Elle a donc duré environ onze ans pour deux degrés de juridiction. Or, la Cour a traité à maintes reprises des affaires soulevant des questions semblables à celle du cas d’espèce et a constaté une méconnaissance de l’exigence du « délai raisonnable », compte tenu des critères dégagés par sa jurisprudence bien établie en la matière (voir, parmi beaucoup d’autres, Pélissier et Sassi c. France [GC], no 25444/94, § 67, CEDH 1999‑II).
N’apercevant rien qui puisse mener à une conclusion différente dans la présente affaire, la Cour estime qu’il y a également lieu de constater une violation de l’article 6 § 1 de la Convention, pour les mêmes motifs.
9. Reste toutefois la question de l’application de l’article 41, au titre duquel le requérant réclame 20 000 livres turques (TRL) (environ 9 335 euros (EUR)) pour dommage moral et 43 990 TRL (environ 20 535 EUR) pour frais et dépens engagés devant les juridictions internes et la Cour. A titre de justificatifs, il fournit un décompte d’horaires de travail et le barème des honoraires du barreau d’Istanbul. Le Gouvernement conteste ces prétentions, d’après lui injustifiées.
10. La Cour, statuant en équité, estime qu’il y a lieu d’octroyer au requérant, pour le préjudice moral, la somme de 7 000 EUR, assortie, le cas échéant, d’intérêts moratoires d’un taux égal à celui de la facilité de prêt marginal de la Banque centrale européenne, majoré de trois points de pourcentage.
Quant aux frais et dépens, statuant en équité, la Cour estime qu’il y a lieu d’allouer 500 EUR à ce titre.

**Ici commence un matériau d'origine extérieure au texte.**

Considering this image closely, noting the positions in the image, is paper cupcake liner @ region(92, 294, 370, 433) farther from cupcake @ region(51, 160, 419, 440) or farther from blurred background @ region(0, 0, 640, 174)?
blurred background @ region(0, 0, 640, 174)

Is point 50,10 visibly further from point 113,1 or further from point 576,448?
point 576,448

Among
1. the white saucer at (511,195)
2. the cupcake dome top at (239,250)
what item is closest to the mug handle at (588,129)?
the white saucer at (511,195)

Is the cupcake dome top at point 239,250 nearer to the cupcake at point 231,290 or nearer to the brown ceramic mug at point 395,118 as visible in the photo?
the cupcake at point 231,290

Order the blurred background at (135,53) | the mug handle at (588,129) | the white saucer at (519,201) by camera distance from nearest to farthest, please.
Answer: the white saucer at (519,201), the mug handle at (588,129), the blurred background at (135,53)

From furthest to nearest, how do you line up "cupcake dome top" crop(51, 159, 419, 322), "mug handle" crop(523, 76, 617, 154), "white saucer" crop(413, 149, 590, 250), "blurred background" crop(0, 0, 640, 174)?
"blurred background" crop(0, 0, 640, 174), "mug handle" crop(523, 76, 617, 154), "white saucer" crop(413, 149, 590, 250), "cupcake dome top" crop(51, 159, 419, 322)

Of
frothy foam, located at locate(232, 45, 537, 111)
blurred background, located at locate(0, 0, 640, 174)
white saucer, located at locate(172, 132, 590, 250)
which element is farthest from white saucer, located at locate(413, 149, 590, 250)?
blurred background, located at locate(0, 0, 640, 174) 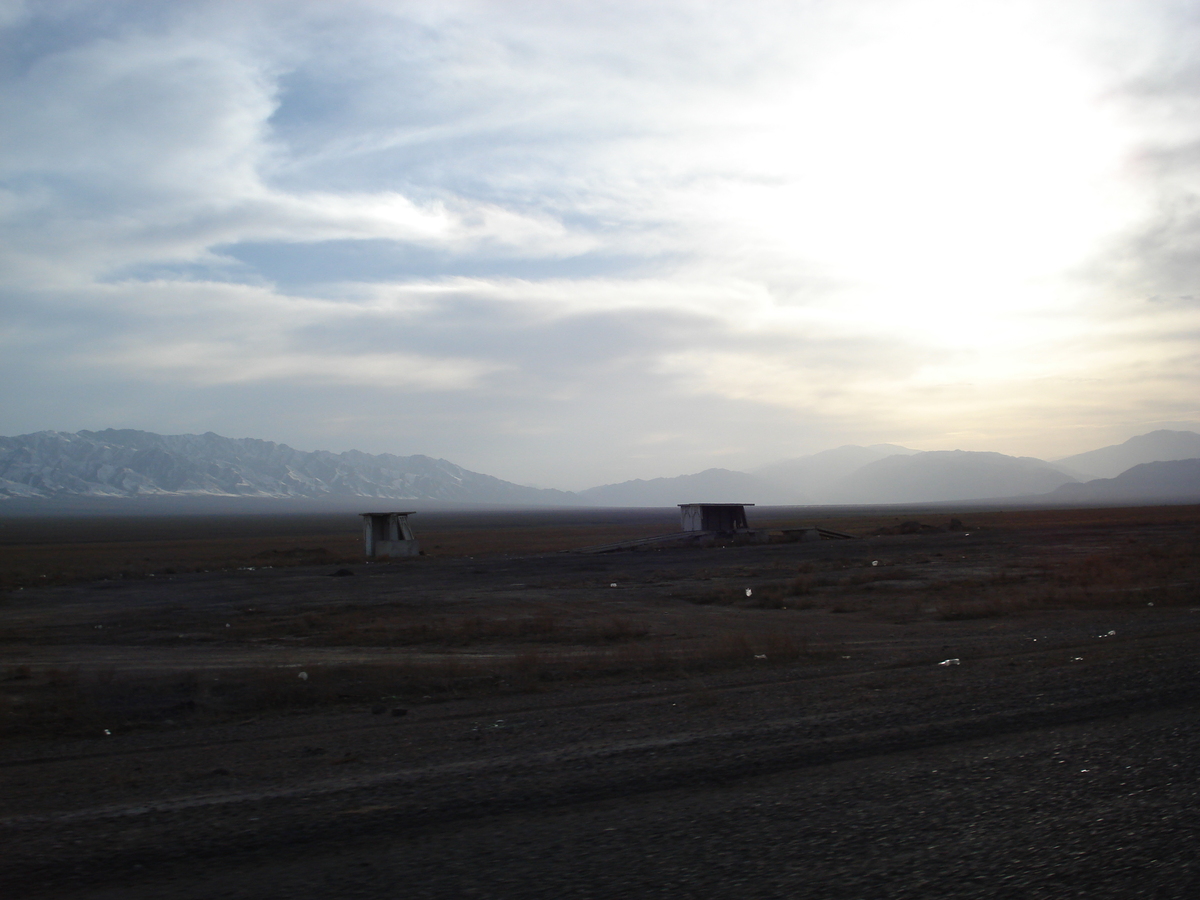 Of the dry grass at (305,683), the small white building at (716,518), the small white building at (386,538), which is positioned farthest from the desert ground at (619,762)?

PAR CES MOTIFS, LA COUR, À L’UNANIMITÉ,
1. Déclare la requête recevable quant au grief tiré de la durée excessive de la procédure et irrecevable pour le surplus ;
2. Dit qu’il y a eu violation de l’article 6 § 1 de la Convention ;
3. Dit
a) que l’Etat défendeur doit verser au requérant, dans les trois mois à compter du jour où l’arrêt sera devenu définitif conformément à l’article 44 § 2 de la Convention les sommes suivantes, à convertir en livres turques au taux applicable à la date du versement :
i) 7 000 EUR (sept mille euros), plus tout montant pouvant être dû à titre d’impôt, pour dommage moral ;
ii) 500 EUR (cinq cents euros), plus tout montant pouvant être dû à titre d’impôt, par le requérant, pour frais et dépens ;
b) qu’à compter de l’expiration dudit délai et jusqu’au versement, ces montants seront à majorer d’un intérêt simple à un taux égal à celui de la facilité de prêt marginal de la Banque centrale européenne applicable pendant cette période, augmenté de trois points de pourcentage ;
4. Rejette la demande de satisfaction équitable pour le surplus.
Fait en français, puis communiqué par écrit le 23 juin 2009, en application de l’article 77 §§ 2 et 3 du règlement.